As I’ve said before, I don’t pay a lot of attention to value as a collector so my choices about fixing up my old dolls are purely about what looks right, and for me, that usually means wanting the doll to look original. However, if the value is an issue for you, preservation and restoration rather than restyling is probably the way to go. On the other hand, if you want to re-root your number one Barbie with purple hair and repaint her in Goth style that is entirely up to you. It might be a bit foolish if you paid several hundred dollars for her but if you found her at a flea market for a couple of dollars you are not really losing any money over it. Just don’t tell any collector who has always wanted one.

OOAK sindy
Customised Sindy by




  1. This was a timely subject for me as I just acquired a Horsman baby doll at a swap- meet in need of care.I saw that being in the sun was splitting the hands and it is missing paint on it’s face. I think it was a crier, so far I’m only able to wrap it up in a blanket away from the sun.There will be a fair bit of reswarch ahead as I don’t generally collect babies, but the thought of it exposed on a table unprotected drew me to it.Don’t even know what to call her/him.

    Liked by 1 person

    • You won’t be able to restore the crying thing and how much you can do with the rest of the doll depends on what it’s made of. IF it is hard plastic and its limbs are strung with elastic cords, you can fix them. Ebay has a doll group on it that used to be pretty good at explaining how to fix a lot of things and you can buy the pieces you need for the repairs in ebay, too. IF the doll is vinyl, it’s all about glue. If it has rooted hair, you can restore it, but it’s really a lot of work. I always preferred wigged dolls because buying a wig and gluing it down is easy compared to restoring rooted hair. Good luck!!

      Liked by 1 person

    • Some dolls you just have to rescue. When we first saw our Shirley Temple she was jumbled up in a pile of other dolls and we were afraid that she might get broken so we bought her.

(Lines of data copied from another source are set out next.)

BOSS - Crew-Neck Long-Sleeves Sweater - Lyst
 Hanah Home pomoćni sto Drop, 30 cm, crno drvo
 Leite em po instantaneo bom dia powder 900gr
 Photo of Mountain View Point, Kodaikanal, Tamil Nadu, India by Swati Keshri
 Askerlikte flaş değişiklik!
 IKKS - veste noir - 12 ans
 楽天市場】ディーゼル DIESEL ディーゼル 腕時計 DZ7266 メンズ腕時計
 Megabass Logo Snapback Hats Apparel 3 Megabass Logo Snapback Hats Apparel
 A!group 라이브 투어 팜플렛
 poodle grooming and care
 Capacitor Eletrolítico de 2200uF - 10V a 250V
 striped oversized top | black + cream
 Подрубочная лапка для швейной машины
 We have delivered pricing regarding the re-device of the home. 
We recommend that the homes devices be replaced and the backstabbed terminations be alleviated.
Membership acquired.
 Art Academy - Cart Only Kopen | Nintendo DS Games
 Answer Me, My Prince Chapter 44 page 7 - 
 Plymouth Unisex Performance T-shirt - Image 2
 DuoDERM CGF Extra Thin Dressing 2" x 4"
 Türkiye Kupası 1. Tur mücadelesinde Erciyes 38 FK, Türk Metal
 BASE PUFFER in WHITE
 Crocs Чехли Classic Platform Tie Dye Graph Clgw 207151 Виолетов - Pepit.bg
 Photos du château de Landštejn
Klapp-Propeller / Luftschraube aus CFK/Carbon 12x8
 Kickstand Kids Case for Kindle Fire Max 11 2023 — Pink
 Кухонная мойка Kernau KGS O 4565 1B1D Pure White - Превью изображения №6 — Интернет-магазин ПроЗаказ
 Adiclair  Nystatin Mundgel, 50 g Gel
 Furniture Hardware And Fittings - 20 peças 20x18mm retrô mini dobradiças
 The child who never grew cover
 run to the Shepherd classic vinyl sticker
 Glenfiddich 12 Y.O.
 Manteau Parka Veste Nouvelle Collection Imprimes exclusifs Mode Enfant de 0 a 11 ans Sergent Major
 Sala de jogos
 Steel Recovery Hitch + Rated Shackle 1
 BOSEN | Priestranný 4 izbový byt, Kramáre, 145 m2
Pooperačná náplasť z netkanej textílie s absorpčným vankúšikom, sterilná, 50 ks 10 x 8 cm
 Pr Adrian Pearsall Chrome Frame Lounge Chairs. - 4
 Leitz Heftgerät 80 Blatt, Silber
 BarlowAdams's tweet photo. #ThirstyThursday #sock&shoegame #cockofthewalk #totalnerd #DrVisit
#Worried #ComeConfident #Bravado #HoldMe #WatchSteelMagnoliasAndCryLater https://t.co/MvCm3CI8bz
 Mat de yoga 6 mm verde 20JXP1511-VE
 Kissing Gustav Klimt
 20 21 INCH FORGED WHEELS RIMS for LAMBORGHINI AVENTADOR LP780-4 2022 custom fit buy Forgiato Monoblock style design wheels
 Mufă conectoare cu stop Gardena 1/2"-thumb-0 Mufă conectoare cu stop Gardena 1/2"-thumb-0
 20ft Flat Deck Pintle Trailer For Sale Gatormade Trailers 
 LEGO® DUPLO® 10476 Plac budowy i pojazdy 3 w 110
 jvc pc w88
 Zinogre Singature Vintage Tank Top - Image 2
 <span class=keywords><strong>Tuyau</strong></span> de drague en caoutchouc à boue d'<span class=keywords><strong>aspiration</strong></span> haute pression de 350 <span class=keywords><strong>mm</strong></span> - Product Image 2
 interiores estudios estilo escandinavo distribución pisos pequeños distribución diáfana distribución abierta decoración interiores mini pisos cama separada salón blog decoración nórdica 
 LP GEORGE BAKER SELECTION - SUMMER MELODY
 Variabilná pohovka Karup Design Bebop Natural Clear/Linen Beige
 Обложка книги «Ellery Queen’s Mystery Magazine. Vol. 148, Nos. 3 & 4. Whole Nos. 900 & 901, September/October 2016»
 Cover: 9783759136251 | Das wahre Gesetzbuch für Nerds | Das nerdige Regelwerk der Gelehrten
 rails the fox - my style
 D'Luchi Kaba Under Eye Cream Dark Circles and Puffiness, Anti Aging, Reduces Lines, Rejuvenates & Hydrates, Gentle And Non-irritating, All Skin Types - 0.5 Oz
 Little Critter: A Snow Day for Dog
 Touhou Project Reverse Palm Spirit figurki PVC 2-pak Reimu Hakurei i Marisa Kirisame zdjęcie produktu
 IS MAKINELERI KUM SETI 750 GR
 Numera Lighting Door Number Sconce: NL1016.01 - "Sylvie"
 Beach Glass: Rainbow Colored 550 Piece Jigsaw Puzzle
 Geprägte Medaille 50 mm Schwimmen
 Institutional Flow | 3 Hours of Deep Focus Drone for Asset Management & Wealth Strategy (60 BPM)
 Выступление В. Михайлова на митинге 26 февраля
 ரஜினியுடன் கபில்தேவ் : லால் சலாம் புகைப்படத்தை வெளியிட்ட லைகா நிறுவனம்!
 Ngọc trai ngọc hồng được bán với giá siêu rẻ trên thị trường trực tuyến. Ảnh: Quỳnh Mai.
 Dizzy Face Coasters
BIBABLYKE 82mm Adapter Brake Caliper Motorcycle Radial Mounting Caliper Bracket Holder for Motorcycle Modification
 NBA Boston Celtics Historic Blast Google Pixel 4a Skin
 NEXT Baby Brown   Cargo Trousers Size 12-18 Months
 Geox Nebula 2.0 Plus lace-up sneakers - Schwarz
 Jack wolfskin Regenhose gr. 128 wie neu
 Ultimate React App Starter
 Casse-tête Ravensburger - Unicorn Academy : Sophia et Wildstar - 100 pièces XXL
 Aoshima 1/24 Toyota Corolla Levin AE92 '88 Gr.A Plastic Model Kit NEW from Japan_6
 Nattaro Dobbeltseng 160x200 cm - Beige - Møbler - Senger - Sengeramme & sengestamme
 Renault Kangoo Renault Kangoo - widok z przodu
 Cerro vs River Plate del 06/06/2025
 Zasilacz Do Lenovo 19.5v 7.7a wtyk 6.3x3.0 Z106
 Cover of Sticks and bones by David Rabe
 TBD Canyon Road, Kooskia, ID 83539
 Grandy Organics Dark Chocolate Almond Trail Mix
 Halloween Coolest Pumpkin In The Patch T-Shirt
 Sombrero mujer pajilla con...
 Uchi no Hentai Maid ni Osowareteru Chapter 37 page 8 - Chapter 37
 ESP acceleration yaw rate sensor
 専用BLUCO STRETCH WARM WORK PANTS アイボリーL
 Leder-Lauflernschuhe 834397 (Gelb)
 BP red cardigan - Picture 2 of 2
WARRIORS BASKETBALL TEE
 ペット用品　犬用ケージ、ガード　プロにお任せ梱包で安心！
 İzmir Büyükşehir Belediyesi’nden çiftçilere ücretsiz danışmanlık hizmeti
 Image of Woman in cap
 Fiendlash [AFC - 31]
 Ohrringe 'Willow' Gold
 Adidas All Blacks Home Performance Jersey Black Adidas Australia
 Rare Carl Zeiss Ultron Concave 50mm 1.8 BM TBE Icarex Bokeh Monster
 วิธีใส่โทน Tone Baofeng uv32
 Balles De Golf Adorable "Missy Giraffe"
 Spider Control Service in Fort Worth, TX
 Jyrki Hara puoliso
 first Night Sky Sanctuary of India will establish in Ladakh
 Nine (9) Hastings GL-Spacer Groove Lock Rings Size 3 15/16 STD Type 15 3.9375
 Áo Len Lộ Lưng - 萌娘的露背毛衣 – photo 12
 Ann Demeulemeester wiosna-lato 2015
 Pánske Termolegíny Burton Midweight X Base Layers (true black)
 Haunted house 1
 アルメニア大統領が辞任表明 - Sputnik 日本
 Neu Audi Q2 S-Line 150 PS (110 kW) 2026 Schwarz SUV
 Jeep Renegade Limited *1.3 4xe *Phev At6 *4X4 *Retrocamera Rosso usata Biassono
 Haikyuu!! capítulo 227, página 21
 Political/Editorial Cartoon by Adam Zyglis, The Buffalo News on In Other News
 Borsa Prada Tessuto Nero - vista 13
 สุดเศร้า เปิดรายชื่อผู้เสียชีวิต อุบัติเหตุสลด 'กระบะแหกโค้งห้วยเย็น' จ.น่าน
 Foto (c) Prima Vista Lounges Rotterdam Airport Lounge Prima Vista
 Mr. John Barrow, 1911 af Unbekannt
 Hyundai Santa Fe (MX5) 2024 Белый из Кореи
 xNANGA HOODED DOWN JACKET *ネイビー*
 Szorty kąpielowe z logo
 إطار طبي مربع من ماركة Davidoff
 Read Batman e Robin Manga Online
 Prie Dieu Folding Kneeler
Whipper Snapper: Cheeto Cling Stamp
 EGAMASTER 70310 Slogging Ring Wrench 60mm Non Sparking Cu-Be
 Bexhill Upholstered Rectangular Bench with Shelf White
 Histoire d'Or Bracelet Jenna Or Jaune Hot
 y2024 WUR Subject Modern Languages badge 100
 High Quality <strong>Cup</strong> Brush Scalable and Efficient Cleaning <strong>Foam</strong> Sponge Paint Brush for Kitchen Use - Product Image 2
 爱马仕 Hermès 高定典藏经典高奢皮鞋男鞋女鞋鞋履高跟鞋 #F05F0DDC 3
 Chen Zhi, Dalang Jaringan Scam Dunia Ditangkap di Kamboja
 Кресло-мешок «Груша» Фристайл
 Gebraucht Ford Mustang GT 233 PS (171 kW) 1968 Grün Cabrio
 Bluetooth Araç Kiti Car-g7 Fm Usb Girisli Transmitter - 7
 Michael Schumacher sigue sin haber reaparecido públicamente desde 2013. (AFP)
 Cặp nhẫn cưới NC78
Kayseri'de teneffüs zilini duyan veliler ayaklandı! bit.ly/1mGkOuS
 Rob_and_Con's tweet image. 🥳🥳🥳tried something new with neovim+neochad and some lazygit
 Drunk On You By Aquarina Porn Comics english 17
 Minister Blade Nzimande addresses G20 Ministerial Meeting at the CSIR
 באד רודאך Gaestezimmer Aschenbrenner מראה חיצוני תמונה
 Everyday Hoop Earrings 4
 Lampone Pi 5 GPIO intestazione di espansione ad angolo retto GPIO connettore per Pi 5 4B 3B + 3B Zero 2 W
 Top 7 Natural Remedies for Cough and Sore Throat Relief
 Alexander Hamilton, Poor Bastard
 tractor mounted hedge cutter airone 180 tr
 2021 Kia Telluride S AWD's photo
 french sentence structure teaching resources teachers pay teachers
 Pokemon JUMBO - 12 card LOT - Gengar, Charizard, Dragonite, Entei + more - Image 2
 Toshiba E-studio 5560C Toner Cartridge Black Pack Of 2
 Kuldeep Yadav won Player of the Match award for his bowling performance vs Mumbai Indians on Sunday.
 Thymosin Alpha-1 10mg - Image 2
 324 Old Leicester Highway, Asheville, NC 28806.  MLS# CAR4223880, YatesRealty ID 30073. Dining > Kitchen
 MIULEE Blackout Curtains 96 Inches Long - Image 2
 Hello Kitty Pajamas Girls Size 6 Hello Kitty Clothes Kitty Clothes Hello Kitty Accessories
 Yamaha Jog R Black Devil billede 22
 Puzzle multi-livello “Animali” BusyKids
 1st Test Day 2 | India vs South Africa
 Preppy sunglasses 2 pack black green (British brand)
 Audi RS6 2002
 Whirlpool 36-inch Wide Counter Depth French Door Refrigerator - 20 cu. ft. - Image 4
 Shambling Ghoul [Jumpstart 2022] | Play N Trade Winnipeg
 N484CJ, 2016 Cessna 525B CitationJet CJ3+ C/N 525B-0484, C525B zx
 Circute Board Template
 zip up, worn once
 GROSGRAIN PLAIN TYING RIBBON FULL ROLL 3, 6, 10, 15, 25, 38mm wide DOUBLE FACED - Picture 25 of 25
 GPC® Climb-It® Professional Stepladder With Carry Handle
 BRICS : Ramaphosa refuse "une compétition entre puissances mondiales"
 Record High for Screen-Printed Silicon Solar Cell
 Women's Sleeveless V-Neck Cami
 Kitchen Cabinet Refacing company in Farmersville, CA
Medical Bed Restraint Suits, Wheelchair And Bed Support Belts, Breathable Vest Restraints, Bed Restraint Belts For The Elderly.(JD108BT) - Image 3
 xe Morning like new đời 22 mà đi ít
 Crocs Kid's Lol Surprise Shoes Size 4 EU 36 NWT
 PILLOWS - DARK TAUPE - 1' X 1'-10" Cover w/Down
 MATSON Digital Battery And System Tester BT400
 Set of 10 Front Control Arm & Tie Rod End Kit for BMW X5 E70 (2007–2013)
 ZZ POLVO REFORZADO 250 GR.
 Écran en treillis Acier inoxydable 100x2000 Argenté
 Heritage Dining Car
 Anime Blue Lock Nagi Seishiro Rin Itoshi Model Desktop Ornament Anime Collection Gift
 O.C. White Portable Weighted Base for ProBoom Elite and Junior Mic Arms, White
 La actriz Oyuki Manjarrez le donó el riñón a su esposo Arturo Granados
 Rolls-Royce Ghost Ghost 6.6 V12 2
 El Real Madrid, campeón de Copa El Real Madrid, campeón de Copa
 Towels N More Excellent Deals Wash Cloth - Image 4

  2. I had to learn to fix them myself because there are no doll hospitals anymore. Most of the work I did (do sometimes) is pretty simple. Repairing a rotting limb on a composition doll is more difficult and I don’t think it’s possible to do it perfectly. Maybe someone else could do it perfectly, but I’m not that good. And I never learned to do eyes. i always admire people who can fix eyes!

    Liked by 1 person

  3. Oh yes, some dolls and bears just cry out to be rescued. Fixing them up is one of the most satisfying aspects of collecting. I generally think it’s up to the owner to restore or customize a doll or bear to suit their own tastes. However, I agree that it is distressing to totally change the look if it’s a hard to find or rare doll.

    Liked by 1 person

  4. The doll seems pretty much intact, vinyl arms and legs attached much like the neck. The head looks like hard plastic rather than composition. Also the head is painted not wigged. So far just removed surface dirt.Still has stained leg and deep dirt and cracks / not serious condition issues, and the sleep eyes seem perfect, just breaks my heart. Poor baby’. He/she needs an outfit and a pram. Probably name it something good for a boy or girl.

    Liked by 1 person

  5. The teddy looks wonderful! I bought a walking doll from Ebay that I was cleaning up…probably from about 1955. All of a sudden it let out a loud wail and I almost dropped it. Once in a rare while the doll will decide to be vocal. I guess it gets tilted or turned in the just the right way. Can’t make it cry, however, if I want it to.

    Liked by 1 person

  6. I rescued a lot of poor old teddies for the same reason. Vanda has done wonders with them replacing eyes and ears and making them some cosy jumpers.We have decided not to do anything too pernerment to them in case I ever want to take them to teddy hospital. It’s a good idea to think very carefully before embarking on any home restoration work or make overs just in case you regret it later. They can’t all be reversed. I feel sorry for the Sindy doll.